THE PROBLEM: Output each line of the data below exactly, omitting any image.

TASK INPUT:
▼
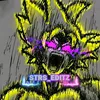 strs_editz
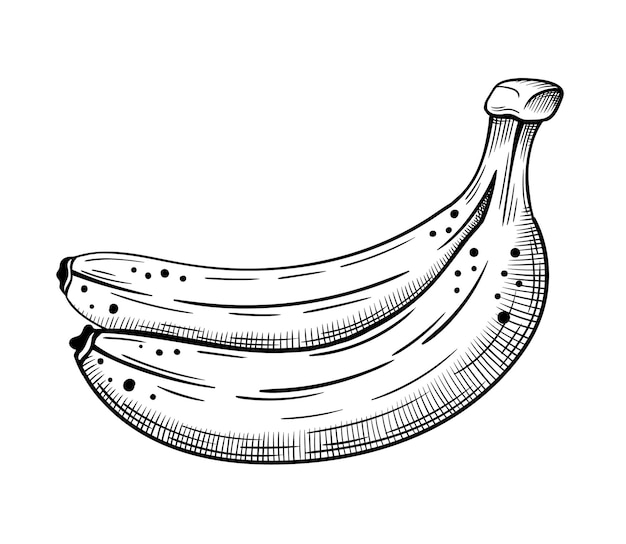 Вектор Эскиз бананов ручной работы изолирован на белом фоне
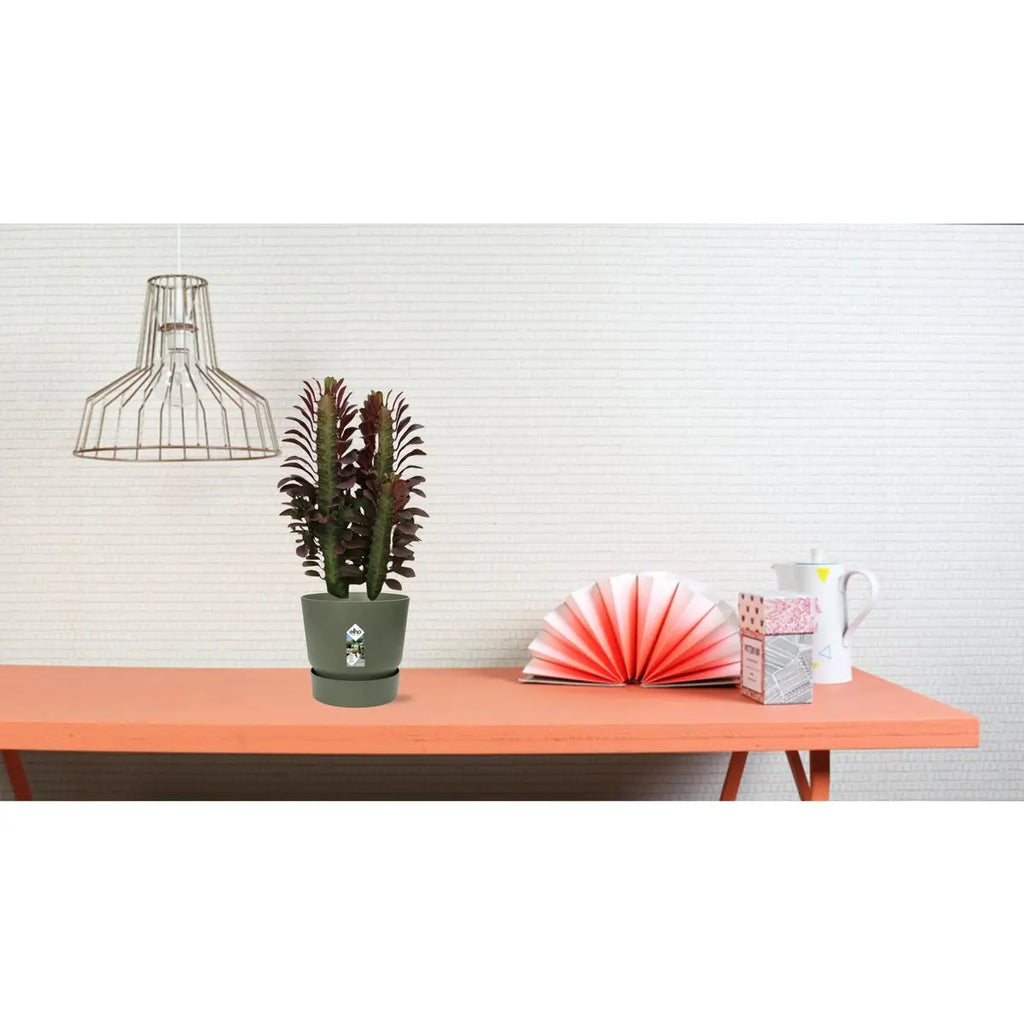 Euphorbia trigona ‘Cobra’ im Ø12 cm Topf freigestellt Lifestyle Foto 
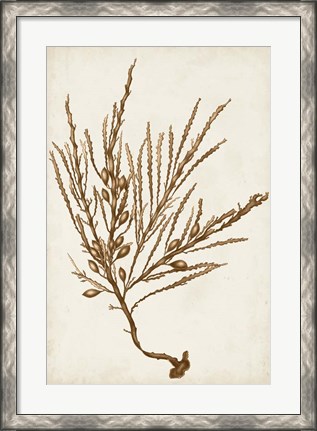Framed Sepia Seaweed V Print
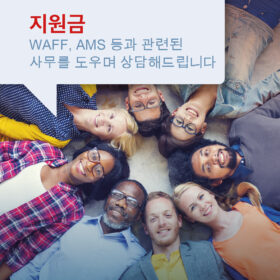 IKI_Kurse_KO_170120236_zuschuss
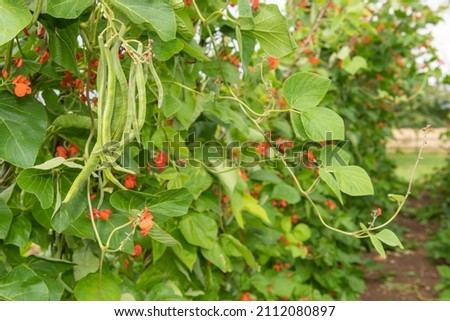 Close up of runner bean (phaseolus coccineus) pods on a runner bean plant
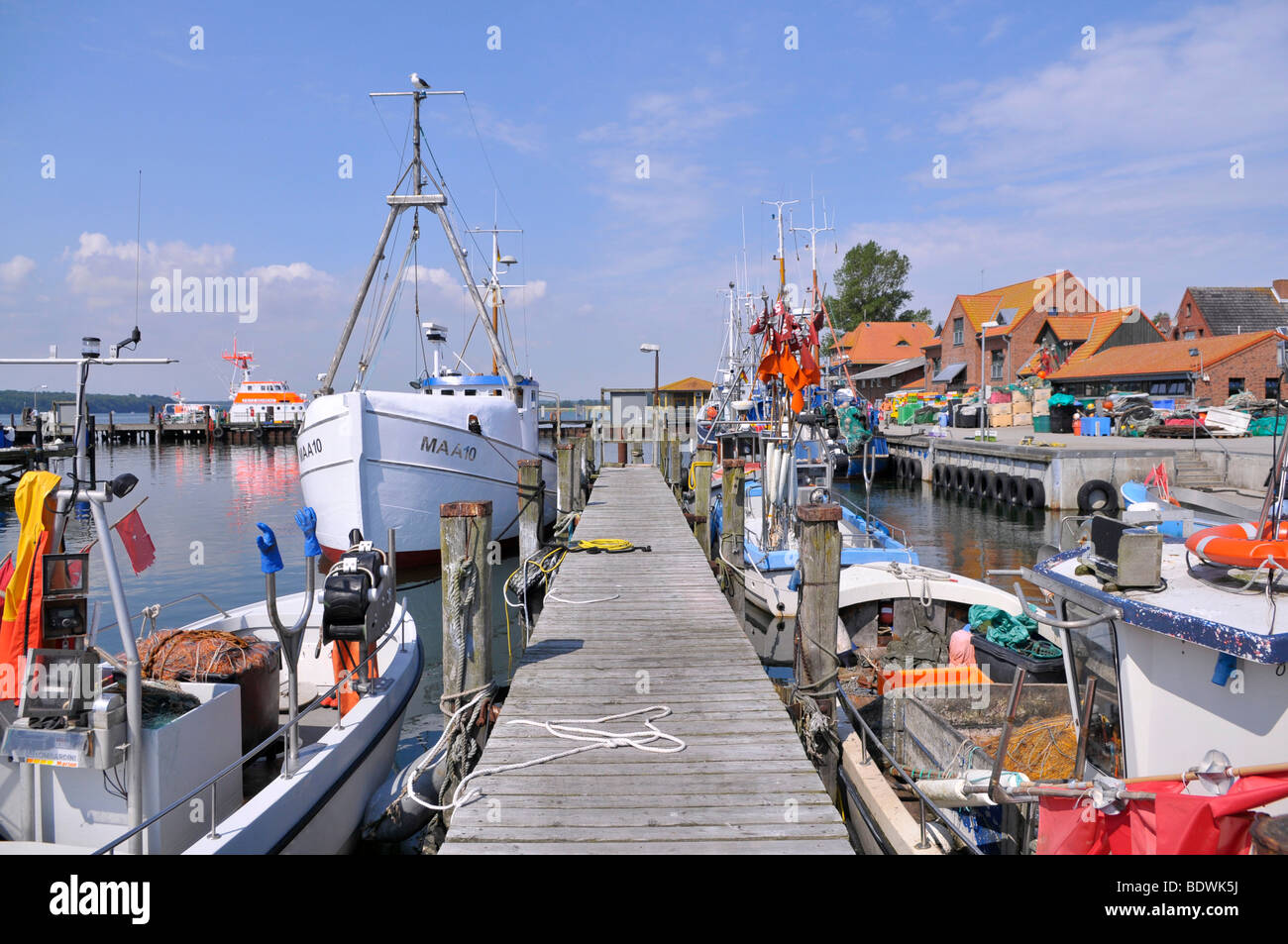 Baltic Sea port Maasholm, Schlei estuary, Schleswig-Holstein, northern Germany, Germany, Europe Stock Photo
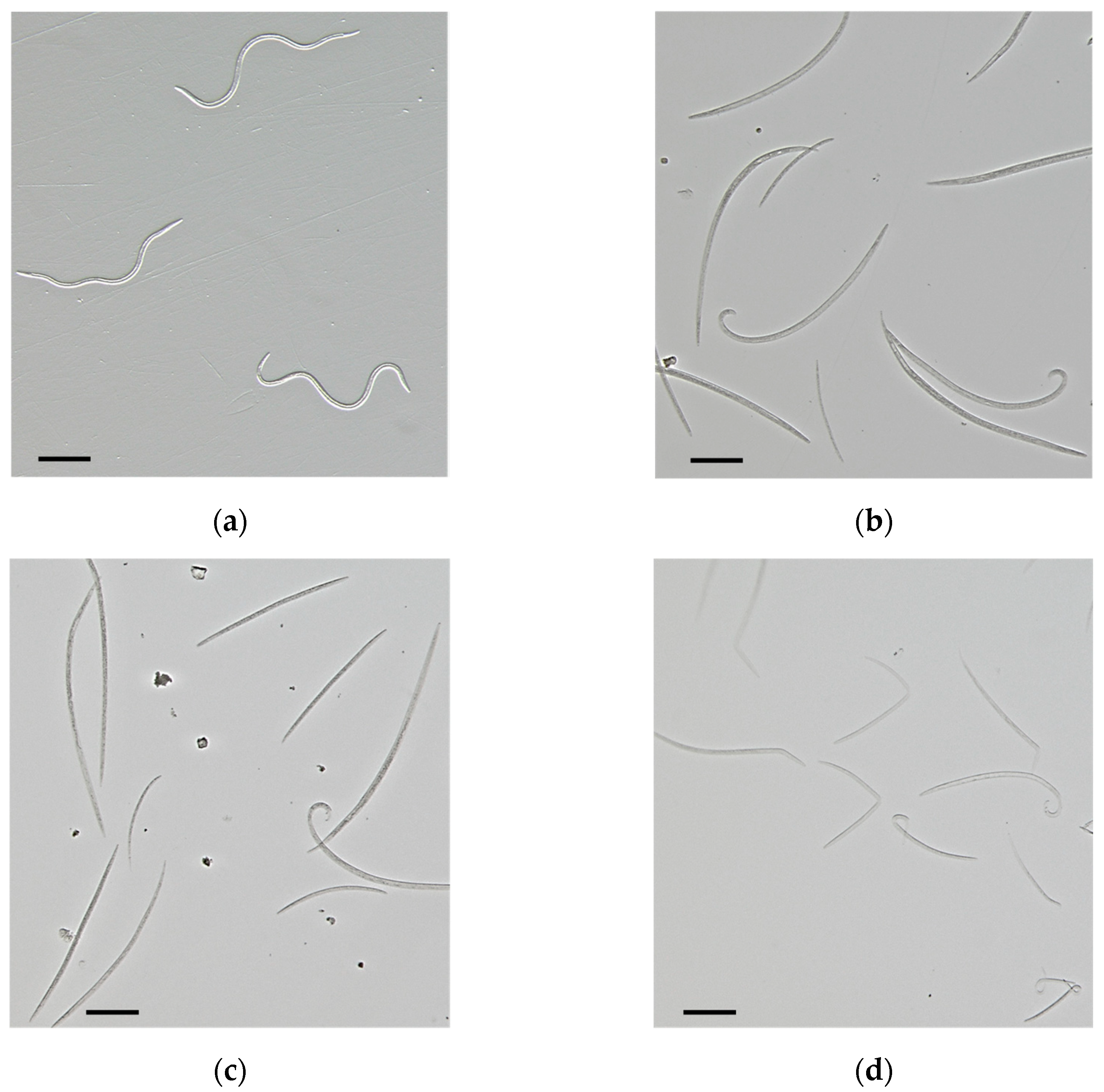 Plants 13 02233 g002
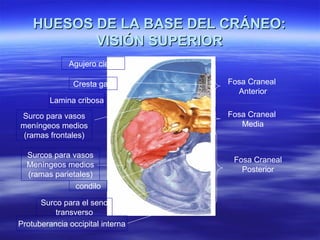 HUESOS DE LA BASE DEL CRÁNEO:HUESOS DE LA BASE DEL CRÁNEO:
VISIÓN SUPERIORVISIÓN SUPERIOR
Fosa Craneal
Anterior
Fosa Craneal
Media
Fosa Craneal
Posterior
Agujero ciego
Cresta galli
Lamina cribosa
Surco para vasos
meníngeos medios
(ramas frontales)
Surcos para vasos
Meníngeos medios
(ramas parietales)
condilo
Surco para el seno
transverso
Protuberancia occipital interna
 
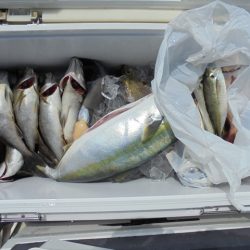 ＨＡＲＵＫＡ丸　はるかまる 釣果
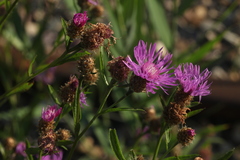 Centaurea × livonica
▲
EXPECTED ANSWER:
 strs_editz
 Вектор Эскиз бананов ручной работы изолирован на белом фоне
 Euphorbia trigona ‘Cobra’ im Ø12 cm Topf freigestellt Lifestyle Foto 
Framed Sepia Seaweed V Print
 IKI_Kurse_KO_170120236_zuschuss
 Close up of runner bean (phaseolus coccineus) pods on a runner bean plant
 Baltic Sea port Maasholm, Schlei estuary, Schleswig-Holstein, northern Germany, Germany, Europe Stock Photo
 Plants 13 02233 g002
 HUESOS DE LA BASE DEL CRÁNEO:HUESOS DE LA BASE DEL CRÁNEO:
VISIÓN SUPERIORVISIÓN SUPERIOR
Fosa Craneal
Anterior
Fosa Craneal
Media
Fosa Craneal
Posterior
Agujero ciego
Cresta galli
Lamina cribosa
Surco para vasos
meníngeos medios
(ramas frontales)
Surcos para vasos
Meníngeos medios
(ramas parietales)
condilo
Surco para el seno
transverso
Protuberancia occipital interna
 
 ＨＡＲＵＫＡ丸　はるかまる 釣果
 Centaurea × livonica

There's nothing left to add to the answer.